The algorithm must find the local maximum of the function but it is the maximum returns always zero. do not understand why. What problem may be the logic of my solution?, this problem can be solved by this simple algorithm or some optimization by backtracking is necessary ? Thanks for your responses.
Several problems with this code; probably the most glaring is:
int a = 0, b = 1;
float Max, x;
/* ... */
do {
/* ... */
} while (x == b);
You cannot compare an int and a float for equality. It might work once in a great while due to dumb luck :) but you cannot expect this code to function reliably.
I strongly recommend changing all your int variables to double, all your float variables to double, and all the scanf(3) and printf(3) calls to match. While you can combine different primitive number types in one program, and even in one expression or statement, subtle differences in execution will take you hours to discover.
Furthermore, comparing floating point formats for equality is almost never a good idea. Instead, compare the difference between two numbers to a epsilon value:
if (fabs(a-b) < 0.001)
/* consider them equal */
You might want to scale your epsilon so that it matches the scale of your problem; since float really only supports about seven digits of precision, this comparison wouldn't work well:
if (fabsf(123456789 - 123456789.1) < 0.5)
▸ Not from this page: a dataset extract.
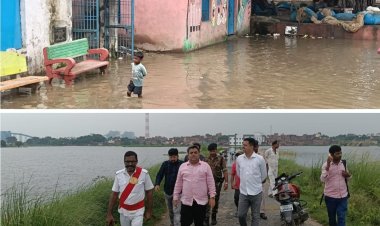 नाव के सहारे जिंदगी, बनारपुर की पिछड़ी बस्ती में घुसा कर्मनाशा का पानी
/* oops! fabsf(3) used to force float */
/* and float can't tell the difference */
You might want to find a good introduction to numerical analysis. (Incidentally, one of my favorite classes back in school. :)
update
The core of the problem is your while(x == b). I fixed that and a few smaller problems, and this code seems to work:
#include
#include
#include
#define PI 3.141592653
float funtion_(float a, float x)
{
float result = 0;
result = a * (sin(PI * x));
return result;
}
int main()
{
float A = 4.875; //average of the digits of the identification card
float a = 0.0, b = 1.0; //maximum and minimum values of the interval [a, b]
float h = 0;
float N;
float Max, x;
float sin_;
float inf;
printf("\ninput the inf value: ");
scanf("%f", &inf);
printf("\ninput the N value: ");
scanf("%f", &N);
h = (b - a) / N;
x = a - h;
Max = -inf;
do {
x = x + h;
sin_ = funtion_(A, x);
if (sin_ >= Max) {
Max = sin_;
printf("\n new Max: %f found at A: %f x: %f\n", Max, A, x);
}
} while (x < b);
printf("Maximum value: %.5f\n", Max);
return 0;
}
Running this program with some small inputs:
$ ./localmax
input the inf value: 1
input the N value: 10
new Max: 0.000000 found at A: 4.875000 x: 0.000000
new Max: 1.506458 found at A: 4.875000 x: 0.100000
new Max: 2.865453 found at A: 4.875000 x: 0.200000
new Max: 3.943958 found at A: 4.875000 x: 0.300000
new Max: 4.636401 found at A: 4.875000 x: 0.400000
new Max: 4.875000 found at A: 4.875000 x: 0.500000
Maximum value: 4.87500
$
You are doing your calculations, in particular the initialisation of h, with integer arithmetic. So in the statement:
h = (b-a) / N;
a, b, and N are all integers so the expression is evaluated as an integer expression, and then converted to a float for assignment to h. You will probably find that the value of h is zero. Try adding the following line after the calculation of h:
printf("h = %f\n", h);
After you've fixed that by doing the calculations with floating point, you need to fix your while loop. The condition x = b is definitely not what you want (I noticed it was originally x == b before your formatting edit, but that's not right either).
Should the while condition be: while(x <= b)
while (x = b);
There is no way to exit the loop. b is always 1.